Creative design and branding agency Pearlfisher worked with the Chinese brand Yoai to create the new tampon range. Taking a more luxury approach to packaging, Fémme uses the Chinese symbol for womanhood as its logo and a simple sans serif typeface to resemble other high-end retailers.
‘We wanted to use design to symbolise femininity without overtly communicating the concepts of tampon or period,’ Natalie Chun, creative director at Pearlfisher, tells LS:N Global. ‘Everything from the identity to the packaging structure to the auxiliary brand material was designed with the intention of injecting confidence and positivity into a category defined by apologetic expressions of femininity.’

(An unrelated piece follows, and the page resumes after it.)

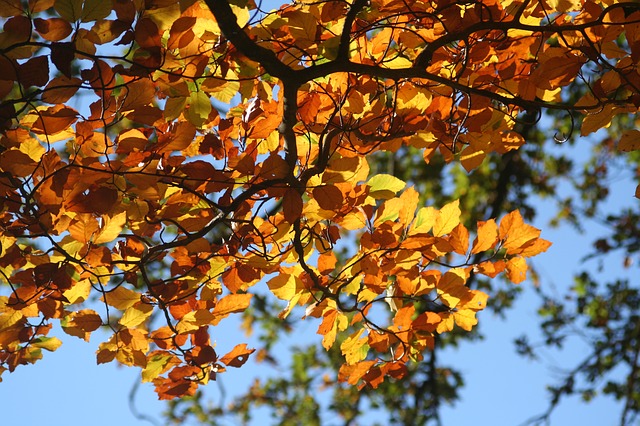 Krásně zbarvené listy na stromě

Tampons account for just 1% of the £60.7bn ($80.7bn, €71.9bn) feminine care product industry in China. According to research by Daxue, the retail value of the feminine hygiene sector in China is set to grow by 47% by 2018, so the untapped potential of tampons is enormous if brands can combat the perception that tampons are bad for the user. Only 2% of the population use the product at present because of the widely held belief that tampons compromise the user’s virginity.
Brands in China, such as Yoai and SK-II, are taking a stand against outdated stigmas about females in order to provoke social change.